‘Information Doesn’t Want to Be Free’ by Cory Doctorow
Garth Brooks says he named his comeback album “Man Against Machine” because he believes streaming and downloads are killing music. YouTube? It’s “the devil.”
Cory Doctorow begs to differ. In “Information Doesn’t Want to Be Free,” the science-fiction author and Internet advocate lays out a convincing case on behalf of the net benefits of a free and open digital culture.

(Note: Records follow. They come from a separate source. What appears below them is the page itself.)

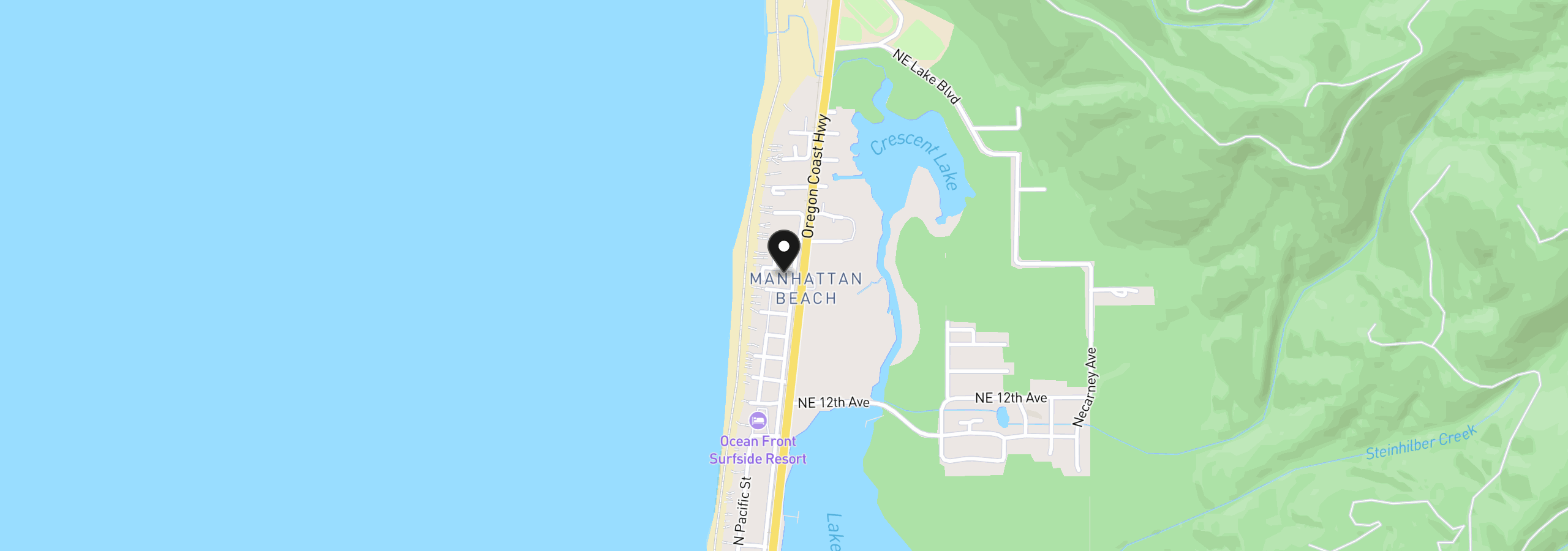 Map showing the location of 110 NW 18th Ave, Rockaway Beach, OR 97136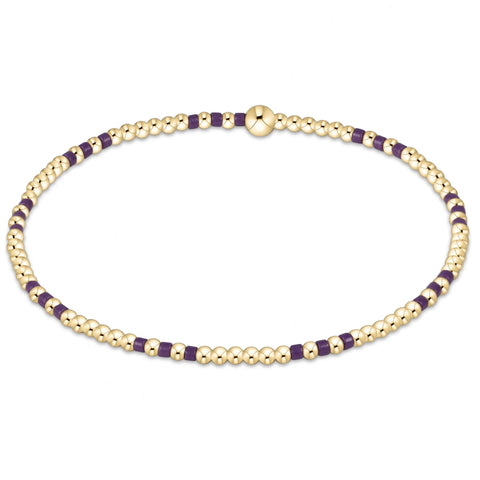 Gameday Hope Joy Pattern 2mm Bead Bracelet - Deep Purple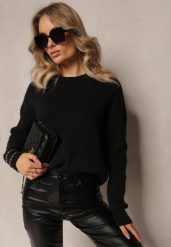 Czarny Dzianinowy Sweter z Okrągłym Dekoltem Aissorne. Czarne swetry nierozpinane damskie Renee, na zimę, bez wzorów, z dzianiny, casualowe, bez kołnierzyka, bez ramiączek. Za 69.99 zł.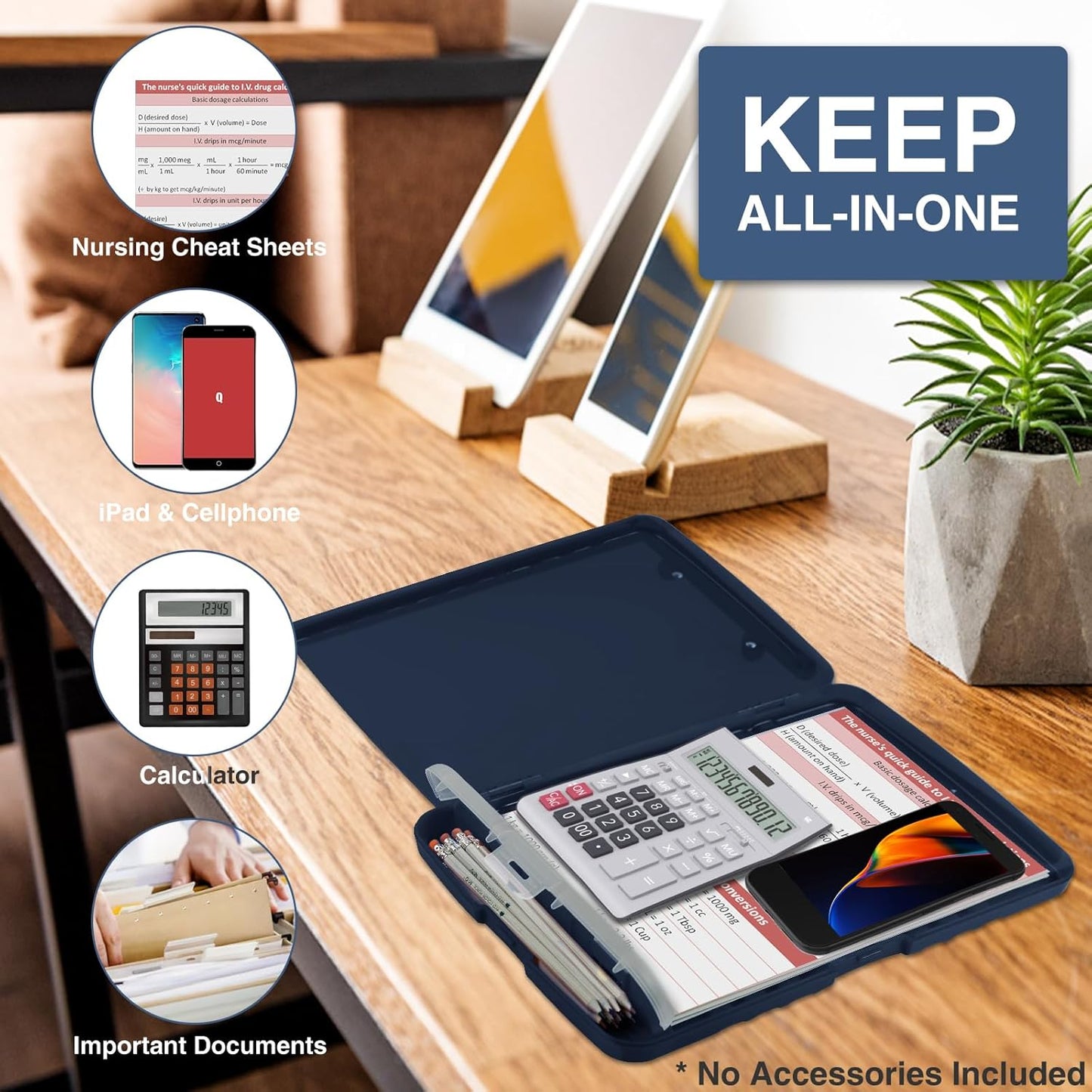 Sooez Clipboard - 8.5 x 11 Storage with Pen Holder | Durable Plastic Organizer for School & Office
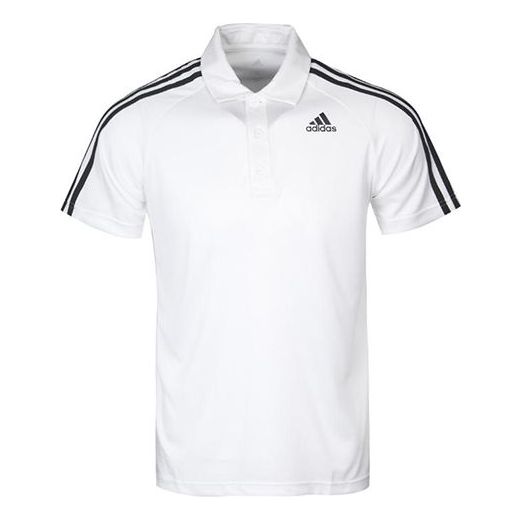 adidas Casual Sports Short Sleeve Polo Shirt White BK2602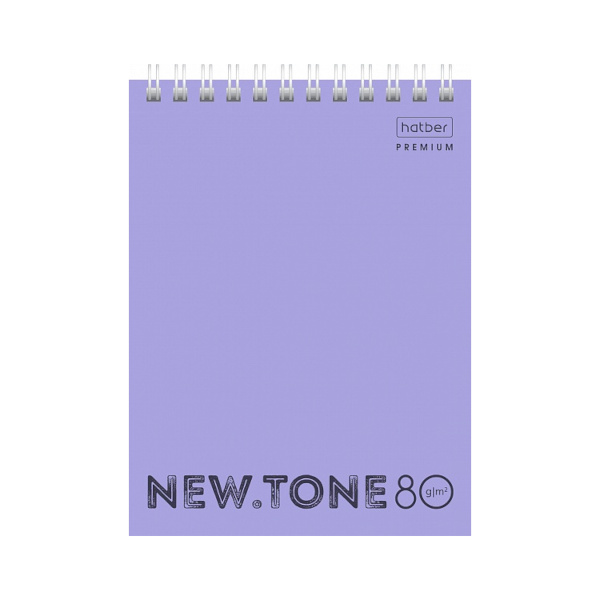 Блокнот А6 80л "NEWtone Pastel"  клетка, гребень, мягк.обл., картон, лаванда 80Б6лA1гр_05019 Hatber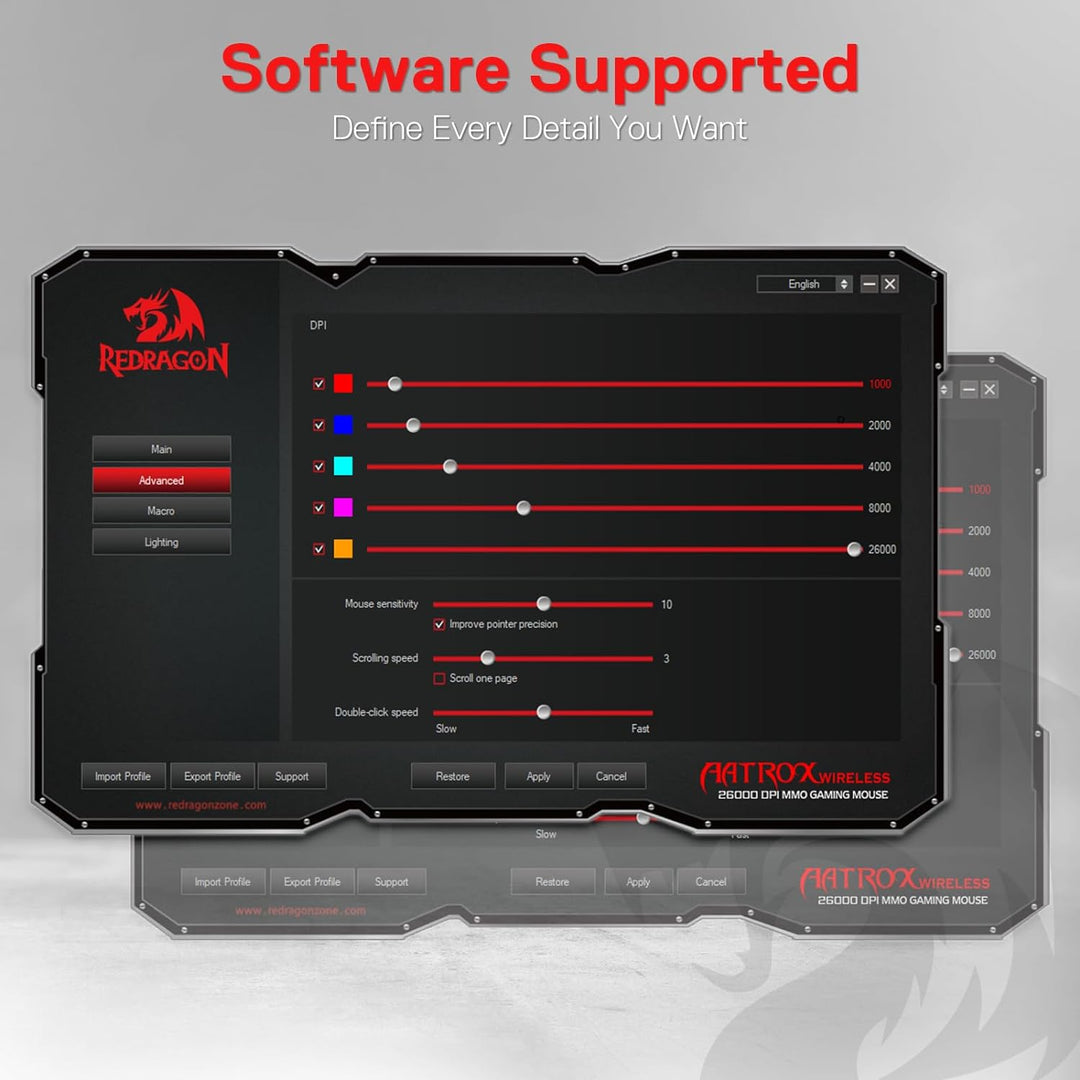 Redragon M811 PRO kabellose MMO-Gaming-Maus, 15 programmierbare Tasten, RGB-Gamer-Maus mit ergonomis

The title plays off a famous declaration by Stewart Brand, founder of the Whole Earth Catalog, who once pointed out the tension between the value of information and the rapidly decreasing cost of disseminating it. Three decades after Brand’s prophecy, the digitization of everything — news on the Web, music on iTunes and SoundCloud, fiction and history on Google Books and e-readers, movies and TV shows on Netflix, Hulu and the devilish YouTube — has made cultural content so inexpensive that artists like Brooks have grown panicky.
Over the past few decades the movie and music industries have cracked down on pirating, and authors have fought the Internet archiving of their work. But “information wants to be free,” Brand argued: That’s what our technological advances are for.
Doctorow, co-editor of the techy website Boing Boing and a notable proponent of Creative Commons, the movement toward a less restrictive public domain for intellectual property, thinks it’s time to retire Brand’s slogan.
“Information is an abstraction,” he writes. “[I]t doesn’t ‘want’ anything.” Information, he maintains, doesn’t want to be free: “People do.”
New technology has posed a threat to those who claimed control over material for hundreds of years, Doctorow notes. The printing press triggered struggles over access to the Bible. John Philip Sousa argued that the record player would make musicians obsolete. In the 1970s and ’80s, recordable audiocassettes and videotapes became industry scapegoats.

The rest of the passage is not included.